Various sport facilities are available to the public such as a nine-hole golf course, tennis and squash courts and a Jukskei court. Henties Bay has a peaceful, rustic atmosphere and the absence of heavy traffic, the mild climate and long stretches of unspoilt beach creates the ideal setting for a leisurely holiday with long walks, sunbathing and picnicking or a few days rest for the overseas visitor after a tiresome journey on hot and dusty roads.

Parts of the beach are closed to anglers, vehicles and quad bikes to offer pedestrians and sunbathers maximum peace and quite.

Like the Namib Desert, the climate at the coast is extremely arid but temperatures are moderate due to the influence of the cold Benguela Current, ranging from 13 to 18C. Fog is brought in almost every night by onshore winds and the humidity is normally as high as 85% while the actual rainfall is less than 15 mm per year.

Temperatures can however soar to over 40C and even higher when the hot, dry east wind or Bergwind is blowing. Ironically these winds occur in winter between April and August and although sometimes very hot, it provides glorious summer-like days and evenings.

A very attractive feature of Henties Bay and the heart of its origin is the natural freshwater spring in an old delta of the Omaruru River, referred to as the Valley, and discovered by Major Hentie van der Merwe in 1929. It practically divides Henties Bay in two parts namely the North Dune and the South Dune.

Exploring the possibility of developing the area into a wetland, officials from the municipality and a wetland expert from The Ministry of Tourism and Environment concluded, in 2001, that a wetland area was indeed possible. Using the existing palms as the boundary, a small wetland was created in November 2001 by removing loads of silt and reed.

An island, sloping banks, mud flats, and some reeds now provide visiting birds with ample place to forage and roost. Today the spring is an interesting feature at the end of the unusual nine-hole golf course, laid out in the sandy bed of the delta.

For more than twenty years the gallows is an interesting landmark in Henties Bay, which stimulates the curiosity of many a tourist to the town. Initiated by frank Atkinson and Willie Cilliers, who respectively settled here in 1969 and 1971 as two of the first permanent residents of Henties Bay, it was erected in 1978 as an appeal to keep the town and beach clean.

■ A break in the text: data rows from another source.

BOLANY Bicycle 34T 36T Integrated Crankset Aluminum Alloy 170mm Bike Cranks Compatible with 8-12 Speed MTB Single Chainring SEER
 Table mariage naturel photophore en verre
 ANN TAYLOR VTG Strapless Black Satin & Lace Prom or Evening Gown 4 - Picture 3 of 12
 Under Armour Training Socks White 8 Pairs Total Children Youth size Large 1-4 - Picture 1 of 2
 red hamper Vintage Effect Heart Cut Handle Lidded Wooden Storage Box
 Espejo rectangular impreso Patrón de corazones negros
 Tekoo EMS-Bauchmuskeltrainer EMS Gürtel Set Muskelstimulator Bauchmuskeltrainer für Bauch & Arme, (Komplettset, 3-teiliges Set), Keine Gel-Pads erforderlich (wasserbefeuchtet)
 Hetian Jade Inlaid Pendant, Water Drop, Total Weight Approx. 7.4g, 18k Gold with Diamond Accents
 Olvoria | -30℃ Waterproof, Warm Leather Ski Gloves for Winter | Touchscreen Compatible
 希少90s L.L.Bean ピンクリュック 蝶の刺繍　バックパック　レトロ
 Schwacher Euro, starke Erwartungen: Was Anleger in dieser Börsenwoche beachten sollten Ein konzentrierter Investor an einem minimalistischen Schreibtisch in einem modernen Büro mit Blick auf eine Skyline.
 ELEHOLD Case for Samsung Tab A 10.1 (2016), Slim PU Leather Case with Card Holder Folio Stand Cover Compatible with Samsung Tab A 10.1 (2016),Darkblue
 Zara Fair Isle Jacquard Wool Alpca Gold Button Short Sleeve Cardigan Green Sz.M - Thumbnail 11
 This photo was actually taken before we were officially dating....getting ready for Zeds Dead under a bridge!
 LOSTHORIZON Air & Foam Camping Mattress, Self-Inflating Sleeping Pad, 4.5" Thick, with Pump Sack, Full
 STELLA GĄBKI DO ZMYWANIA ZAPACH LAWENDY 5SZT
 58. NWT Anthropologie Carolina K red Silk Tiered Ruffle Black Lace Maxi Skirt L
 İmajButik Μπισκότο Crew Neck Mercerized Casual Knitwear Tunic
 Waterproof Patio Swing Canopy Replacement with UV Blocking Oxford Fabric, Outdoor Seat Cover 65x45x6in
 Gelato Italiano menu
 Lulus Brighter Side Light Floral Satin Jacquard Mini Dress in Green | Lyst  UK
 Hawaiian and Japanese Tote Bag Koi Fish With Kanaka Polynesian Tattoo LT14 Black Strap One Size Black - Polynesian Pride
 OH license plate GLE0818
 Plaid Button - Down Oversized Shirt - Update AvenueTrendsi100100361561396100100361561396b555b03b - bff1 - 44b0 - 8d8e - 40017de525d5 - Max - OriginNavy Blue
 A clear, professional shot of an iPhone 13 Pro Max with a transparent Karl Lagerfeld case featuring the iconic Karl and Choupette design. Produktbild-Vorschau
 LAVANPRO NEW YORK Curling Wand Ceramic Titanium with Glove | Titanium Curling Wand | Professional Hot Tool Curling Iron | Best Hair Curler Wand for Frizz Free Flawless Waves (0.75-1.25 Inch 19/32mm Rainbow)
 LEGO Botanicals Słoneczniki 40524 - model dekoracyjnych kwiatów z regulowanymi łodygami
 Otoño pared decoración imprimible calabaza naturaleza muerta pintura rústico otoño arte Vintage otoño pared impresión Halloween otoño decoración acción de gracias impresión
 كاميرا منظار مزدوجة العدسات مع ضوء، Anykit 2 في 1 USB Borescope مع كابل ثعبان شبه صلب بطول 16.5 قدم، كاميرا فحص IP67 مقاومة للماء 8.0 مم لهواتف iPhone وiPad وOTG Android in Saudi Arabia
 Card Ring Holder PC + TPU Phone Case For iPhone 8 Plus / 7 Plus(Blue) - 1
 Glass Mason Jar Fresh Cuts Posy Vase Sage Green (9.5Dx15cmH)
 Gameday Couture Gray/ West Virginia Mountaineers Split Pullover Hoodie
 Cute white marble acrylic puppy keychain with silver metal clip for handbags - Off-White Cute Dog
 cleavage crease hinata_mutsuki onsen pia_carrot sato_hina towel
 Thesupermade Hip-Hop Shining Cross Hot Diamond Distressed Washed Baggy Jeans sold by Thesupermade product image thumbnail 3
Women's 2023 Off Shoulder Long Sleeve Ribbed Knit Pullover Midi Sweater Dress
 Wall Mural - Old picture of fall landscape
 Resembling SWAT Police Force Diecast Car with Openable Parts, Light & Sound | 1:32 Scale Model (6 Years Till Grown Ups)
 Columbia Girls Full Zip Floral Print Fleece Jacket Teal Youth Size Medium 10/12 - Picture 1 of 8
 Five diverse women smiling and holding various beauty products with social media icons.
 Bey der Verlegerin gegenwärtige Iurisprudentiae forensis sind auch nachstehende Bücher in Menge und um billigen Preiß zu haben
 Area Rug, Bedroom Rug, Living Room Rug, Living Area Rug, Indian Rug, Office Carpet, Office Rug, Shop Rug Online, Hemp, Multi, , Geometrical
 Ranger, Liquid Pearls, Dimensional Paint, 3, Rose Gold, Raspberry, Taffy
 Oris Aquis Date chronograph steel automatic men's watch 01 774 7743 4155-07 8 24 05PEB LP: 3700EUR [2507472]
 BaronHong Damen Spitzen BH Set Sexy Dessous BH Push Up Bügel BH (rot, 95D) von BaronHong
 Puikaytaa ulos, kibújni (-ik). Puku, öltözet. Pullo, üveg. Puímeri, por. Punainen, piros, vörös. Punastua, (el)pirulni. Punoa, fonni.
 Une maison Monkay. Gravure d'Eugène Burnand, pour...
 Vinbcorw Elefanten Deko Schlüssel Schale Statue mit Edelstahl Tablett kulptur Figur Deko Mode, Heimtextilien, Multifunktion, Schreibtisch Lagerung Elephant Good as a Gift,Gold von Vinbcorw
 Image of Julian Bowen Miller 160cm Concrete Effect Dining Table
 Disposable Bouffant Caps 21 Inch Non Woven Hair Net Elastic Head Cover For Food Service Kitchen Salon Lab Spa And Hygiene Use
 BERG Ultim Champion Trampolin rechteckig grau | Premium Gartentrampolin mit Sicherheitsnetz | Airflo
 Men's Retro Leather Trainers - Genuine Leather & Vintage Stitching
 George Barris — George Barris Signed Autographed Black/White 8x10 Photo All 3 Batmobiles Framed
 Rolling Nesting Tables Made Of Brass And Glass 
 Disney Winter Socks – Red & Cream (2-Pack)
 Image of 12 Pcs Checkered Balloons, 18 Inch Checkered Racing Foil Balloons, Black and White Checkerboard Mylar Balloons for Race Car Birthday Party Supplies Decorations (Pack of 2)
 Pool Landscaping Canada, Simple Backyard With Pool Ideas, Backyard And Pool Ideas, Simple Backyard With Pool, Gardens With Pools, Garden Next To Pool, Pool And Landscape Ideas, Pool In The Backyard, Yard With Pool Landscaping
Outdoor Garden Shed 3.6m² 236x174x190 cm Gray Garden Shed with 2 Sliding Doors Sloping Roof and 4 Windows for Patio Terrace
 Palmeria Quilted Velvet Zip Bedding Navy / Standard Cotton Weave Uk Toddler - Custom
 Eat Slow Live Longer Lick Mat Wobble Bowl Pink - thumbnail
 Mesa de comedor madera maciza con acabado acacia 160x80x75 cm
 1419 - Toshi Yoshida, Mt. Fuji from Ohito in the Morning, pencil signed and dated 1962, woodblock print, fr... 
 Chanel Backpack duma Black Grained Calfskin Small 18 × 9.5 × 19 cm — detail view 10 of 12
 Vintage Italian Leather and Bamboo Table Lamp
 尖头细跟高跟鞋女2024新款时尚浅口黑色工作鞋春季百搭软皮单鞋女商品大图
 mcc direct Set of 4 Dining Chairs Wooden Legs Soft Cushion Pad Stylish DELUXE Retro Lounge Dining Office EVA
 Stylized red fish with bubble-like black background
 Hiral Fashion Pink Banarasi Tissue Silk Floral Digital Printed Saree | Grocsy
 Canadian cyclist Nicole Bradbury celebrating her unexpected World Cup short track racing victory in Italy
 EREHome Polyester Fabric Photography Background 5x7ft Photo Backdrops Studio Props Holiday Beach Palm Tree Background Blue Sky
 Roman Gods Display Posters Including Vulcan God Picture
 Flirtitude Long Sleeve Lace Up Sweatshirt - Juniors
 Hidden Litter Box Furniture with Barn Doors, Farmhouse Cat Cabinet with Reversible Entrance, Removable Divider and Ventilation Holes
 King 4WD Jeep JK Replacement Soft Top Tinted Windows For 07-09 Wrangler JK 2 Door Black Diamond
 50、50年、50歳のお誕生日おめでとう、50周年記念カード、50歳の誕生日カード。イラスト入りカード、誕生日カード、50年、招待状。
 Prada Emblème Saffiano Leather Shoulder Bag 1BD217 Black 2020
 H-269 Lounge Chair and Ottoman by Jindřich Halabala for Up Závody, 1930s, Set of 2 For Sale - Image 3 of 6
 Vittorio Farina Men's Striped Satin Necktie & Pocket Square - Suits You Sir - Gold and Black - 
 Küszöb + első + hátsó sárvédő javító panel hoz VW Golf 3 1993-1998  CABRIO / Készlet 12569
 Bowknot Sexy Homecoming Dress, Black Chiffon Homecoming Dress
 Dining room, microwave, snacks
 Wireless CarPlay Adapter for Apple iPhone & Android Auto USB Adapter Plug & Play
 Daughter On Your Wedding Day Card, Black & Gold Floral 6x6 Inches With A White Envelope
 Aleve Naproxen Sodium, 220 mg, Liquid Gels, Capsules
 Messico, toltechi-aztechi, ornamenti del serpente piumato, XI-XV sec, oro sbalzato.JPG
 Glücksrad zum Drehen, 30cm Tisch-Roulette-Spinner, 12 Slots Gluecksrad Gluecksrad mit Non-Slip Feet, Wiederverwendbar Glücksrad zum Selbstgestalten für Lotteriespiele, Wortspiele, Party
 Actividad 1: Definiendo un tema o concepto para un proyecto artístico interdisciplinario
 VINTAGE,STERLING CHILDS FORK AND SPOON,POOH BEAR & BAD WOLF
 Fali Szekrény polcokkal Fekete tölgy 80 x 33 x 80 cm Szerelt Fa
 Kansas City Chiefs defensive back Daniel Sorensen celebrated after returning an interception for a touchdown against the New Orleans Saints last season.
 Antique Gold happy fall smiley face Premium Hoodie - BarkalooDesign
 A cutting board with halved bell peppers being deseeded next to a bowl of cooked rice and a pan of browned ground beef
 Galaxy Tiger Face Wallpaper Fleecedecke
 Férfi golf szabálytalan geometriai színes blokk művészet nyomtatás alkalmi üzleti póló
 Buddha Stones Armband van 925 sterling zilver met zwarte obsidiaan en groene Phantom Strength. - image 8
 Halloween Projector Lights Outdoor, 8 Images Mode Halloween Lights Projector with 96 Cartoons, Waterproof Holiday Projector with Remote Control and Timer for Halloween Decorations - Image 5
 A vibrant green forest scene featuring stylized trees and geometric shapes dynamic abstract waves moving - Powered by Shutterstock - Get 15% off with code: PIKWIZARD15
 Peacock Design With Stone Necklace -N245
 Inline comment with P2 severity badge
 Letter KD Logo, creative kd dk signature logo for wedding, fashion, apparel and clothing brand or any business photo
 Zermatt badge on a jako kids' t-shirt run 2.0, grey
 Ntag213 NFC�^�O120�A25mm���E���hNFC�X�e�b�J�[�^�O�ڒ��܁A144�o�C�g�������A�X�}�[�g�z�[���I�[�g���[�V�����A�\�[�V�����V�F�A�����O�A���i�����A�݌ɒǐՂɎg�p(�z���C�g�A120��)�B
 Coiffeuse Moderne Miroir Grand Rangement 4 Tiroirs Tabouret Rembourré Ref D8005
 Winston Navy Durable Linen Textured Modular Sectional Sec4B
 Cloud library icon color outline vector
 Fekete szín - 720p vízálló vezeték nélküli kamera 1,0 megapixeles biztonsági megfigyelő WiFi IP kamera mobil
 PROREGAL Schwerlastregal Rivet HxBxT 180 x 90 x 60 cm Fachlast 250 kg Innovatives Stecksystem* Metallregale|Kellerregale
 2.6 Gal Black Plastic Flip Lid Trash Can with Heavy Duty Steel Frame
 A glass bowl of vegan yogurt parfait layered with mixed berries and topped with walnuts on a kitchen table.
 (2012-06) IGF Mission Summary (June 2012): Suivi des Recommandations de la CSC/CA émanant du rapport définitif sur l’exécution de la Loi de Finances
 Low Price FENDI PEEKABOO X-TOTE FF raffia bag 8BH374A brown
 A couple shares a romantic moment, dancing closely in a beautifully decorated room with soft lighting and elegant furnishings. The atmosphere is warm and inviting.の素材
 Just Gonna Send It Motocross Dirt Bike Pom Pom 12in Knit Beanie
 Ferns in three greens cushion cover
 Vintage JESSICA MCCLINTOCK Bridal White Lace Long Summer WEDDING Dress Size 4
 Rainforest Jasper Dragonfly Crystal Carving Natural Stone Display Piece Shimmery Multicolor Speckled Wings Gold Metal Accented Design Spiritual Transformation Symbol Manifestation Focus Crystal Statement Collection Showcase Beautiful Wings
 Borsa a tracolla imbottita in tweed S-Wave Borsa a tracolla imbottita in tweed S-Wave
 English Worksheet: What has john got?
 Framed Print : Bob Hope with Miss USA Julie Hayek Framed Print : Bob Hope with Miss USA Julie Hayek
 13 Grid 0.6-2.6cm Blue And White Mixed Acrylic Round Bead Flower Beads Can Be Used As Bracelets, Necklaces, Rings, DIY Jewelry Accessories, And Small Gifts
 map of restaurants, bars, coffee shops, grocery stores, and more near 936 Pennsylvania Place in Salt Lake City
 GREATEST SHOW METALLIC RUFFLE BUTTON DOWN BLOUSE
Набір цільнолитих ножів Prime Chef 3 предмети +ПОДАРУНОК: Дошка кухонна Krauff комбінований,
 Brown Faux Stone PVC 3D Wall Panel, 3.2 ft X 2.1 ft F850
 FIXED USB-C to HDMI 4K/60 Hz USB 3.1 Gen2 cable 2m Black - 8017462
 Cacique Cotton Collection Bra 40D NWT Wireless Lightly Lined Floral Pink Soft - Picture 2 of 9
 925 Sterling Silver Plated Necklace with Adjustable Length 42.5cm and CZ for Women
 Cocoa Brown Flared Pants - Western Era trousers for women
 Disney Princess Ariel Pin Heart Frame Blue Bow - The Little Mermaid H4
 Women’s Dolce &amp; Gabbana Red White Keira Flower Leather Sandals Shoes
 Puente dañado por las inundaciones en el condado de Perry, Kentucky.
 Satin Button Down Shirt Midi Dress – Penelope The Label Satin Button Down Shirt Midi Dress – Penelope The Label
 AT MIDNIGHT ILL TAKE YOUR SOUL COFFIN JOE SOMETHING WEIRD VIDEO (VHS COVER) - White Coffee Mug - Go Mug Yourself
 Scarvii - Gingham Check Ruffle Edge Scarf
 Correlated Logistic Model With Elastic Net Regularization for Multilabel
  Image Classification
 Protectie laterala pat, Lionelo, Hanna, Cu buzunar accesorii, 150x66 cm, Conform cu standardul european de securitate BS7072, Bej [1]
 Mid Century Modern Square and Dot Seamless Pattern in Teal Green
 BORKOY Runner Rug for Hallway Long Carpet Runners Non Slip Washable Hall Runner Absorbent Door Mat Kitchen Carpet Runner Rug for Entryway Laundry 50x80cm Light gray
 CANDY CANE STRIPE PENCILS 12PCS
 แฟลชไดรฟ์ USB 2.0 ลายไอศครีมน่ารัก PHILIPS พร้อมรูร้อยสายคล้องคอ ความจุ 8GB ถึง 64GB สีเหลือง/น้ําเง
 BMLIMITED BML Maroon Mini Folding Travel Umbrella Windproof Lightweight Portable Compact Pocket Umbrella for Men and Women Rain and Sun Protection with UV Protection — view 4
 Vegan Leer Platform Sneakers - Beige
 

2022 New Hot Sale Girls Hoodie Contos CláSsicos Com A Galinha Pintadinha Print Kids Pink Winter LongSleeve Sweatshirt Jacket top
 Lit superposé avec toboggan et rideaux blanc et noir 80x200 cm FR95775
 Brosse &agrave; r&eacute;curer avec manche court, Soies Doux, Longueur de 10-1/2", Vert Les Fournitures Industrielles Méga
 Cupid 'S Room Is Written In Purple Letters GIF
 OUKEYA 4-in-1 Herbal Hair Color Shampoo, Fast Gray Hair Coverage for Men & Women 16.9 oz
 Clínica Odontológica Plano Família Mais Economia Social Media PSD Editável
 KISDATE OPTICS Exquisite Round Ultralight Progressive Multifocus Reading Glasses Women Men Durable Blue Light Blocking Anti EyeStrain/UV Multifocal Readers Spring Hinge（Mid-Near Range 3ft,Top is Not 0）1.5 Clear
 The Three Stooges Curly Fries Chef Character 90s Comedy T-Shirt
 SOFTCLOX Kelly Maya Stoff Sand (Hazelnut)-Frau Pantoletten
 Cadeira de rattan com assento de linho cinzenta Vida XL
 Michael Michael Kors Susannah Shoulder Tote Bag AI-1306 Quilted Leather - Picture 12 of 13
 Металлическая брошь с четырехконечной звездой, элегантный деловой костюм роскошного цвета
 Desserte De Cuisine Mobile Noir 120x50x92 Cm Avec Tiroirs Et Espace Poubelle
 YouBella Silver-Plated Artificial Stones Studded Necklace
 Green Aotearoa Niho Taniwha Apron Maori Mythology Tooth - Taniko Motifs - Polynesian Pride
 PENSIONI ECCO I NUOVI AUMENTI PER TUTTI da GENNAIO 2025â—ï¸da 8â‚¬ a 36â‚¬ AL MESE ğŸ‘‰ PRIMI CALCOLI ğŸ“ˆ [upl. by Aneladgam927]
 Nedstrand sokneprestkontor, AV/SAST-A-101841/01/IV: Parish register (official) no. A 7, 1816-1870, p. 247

Another interesting feature in the heart of the desert is the Tulongeni Gardening Project, a community-based project initiated by the Mayor and owned and run by the community as a job creation effort. The garden is situated in the valley, an old delta of the Omaruru River. Strong sweet water comes from boreholes provided by the Municipality and is pumped to the different sections of the garden.

The municipality has approved a 99-year lease on the property currently being used for the project, as well as additional land to the north and east of the present garden. Presently, 3 ha of garden is under cultivation, producing tons of vegetables every month. Staff has increased from 10 in 1999, to 40 at the end of 2002.

Extensions to the Garden were made possible by funding obtained from the Ministry of Women Affairs and Child Welfare and Namdeb, which allowed for the installation of essential infrastructure:

Crops of beans, baby marrow, potatoes, onions, strawberries, spinach, sweet potato, carrots and beetroot make up the bulk of the vegetables produced.

Vegetables are marketed locally in Henties Bay and visitors are welcome to visit the new farm stall during shop hours to buy their fresh produce.